Los cafetales se encuentran generalmente entre los 900 y 1,700 metros sobre el nivel del mar, aunque algunas plantaciones alcanzan altitudes superiores. Estas elevaciones favorecen un crecimiento más lento del fruto, permitiendo que el grano desarrolle una mayor complejidad aromática y una mejor calidad en taza.
Clima
Oaxaca cuenta con condiciones climáticas ideales para el cultivo del café.
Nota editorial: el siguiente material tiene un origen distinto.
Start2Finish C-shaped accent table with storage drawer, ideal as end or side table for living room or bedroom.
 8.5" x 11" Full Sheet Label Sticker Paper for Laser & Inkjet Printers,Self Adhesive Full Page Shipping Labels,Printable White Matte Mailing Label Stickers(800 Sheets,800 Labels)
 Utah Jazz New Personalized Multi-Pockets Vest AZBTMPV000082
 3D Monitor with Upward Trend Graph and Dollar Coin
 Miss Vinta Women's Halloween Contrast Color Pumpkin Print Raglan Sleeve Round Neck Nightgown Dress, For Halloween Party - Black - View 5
En las zonas productoras predominan los climas templados y húmedos, con temperaturas moderadas que suelen oscilar entre los 18 y 24 °C durante gran parte del año.


Tipo de Café
La mayor parte del café producido en Oaxaca pertenece a la especie Arábica, considerada una de las más apreciadas del mundo por su calidad y complejidad de sabores. Entre las variedades más cultivadas destacan Typica, Bourbon, Caturra, Mundo Novo y algunas variedades mejoradas adaptadas a las condiciones locales.

Gran parte de su producción proviene de pequeños productores y cooperativas que trabajan bajo esquemas de agricultura sostenible y, en muchos casos, certificaciones orgánicas. Gracias a ello, el café oaxaqueño ha ganado reconocimiento en mercados especializados que valoran tanto la calidad del producto como las prácticas responsables de producción.
Características del Sabor

Es reconocido por ofrecer una experiencia sensorial equilibrada y compleja. Generalmente presenta una acidez brillante y agradable, cuerpo medio a sedoso y un aroma intenso que destaca por su riqueza de matices. Entre las notas de sabor más comunes se encuentran el chocolate, cacao, caramelo, piloncillo, nueces y almendras. Dependiendo de la región, la altitud y el proceso de beneficio, también pueden aparecer matices frutales, florales, cítricos e incluso ligeros toques especiados. La combinación de dulzor natural, acidez balanceada y una agradable persistencia en boca convierte al café de Oaxaca en una de las opciones favoritas para quienes buscan cafés de especialidad con identidad propia.
El cultivo del café en Oaxaca está estrechamente ligado a la historia, cultura y economía de numerosas comunidades rurales. Miles de familias dependen de esta actividad, que además ha impulsado el desarrollo de cooperativas y organizaciones dedicadas a promover prácticas agrícolas sostenibles.
Producción Sustentable y Cultura Cafetalera
Muchos cafetales se cultivan bajo sombra y mediante métodos tradicionales que respetan los ecosistemas locales. Estas prácticas ayudan a conservar la fertilidad del suelo, proteger fuentes de agua y mantener la biodiversidad de las regiones montañosas donde se produce el café.
Asimismo, la participación de comunidades indígenas ha sido fundamental para preservar conocimientos ancestrales relacionados con el cultivo, la cosecha y el procesamiento de los granos, aportando un valor cultural adicional a cada taza de café oaxaqueño.


Un Café que Representa la Esencia de Oaxaca
Gracias a sus condiciones naturales privilegiadas, la experiencia de sus productores y su fuerte compromiso con la calidad, Oaxaca se ha consolidado como una de las regiones cafetaleras más importantes de México. Su café destaca por su riqueza aromática, su sabor distintivo y la historia que existe detrás de cada cosecha.
Más que una bebida, el café oaxaqueño representa una tradición viva, un patrimonio cultural y una muestra del esfuerzo de las comunidades que han convertido a Oaxaca en una tierra reconocida por producir algunos de los mejores cafés del país.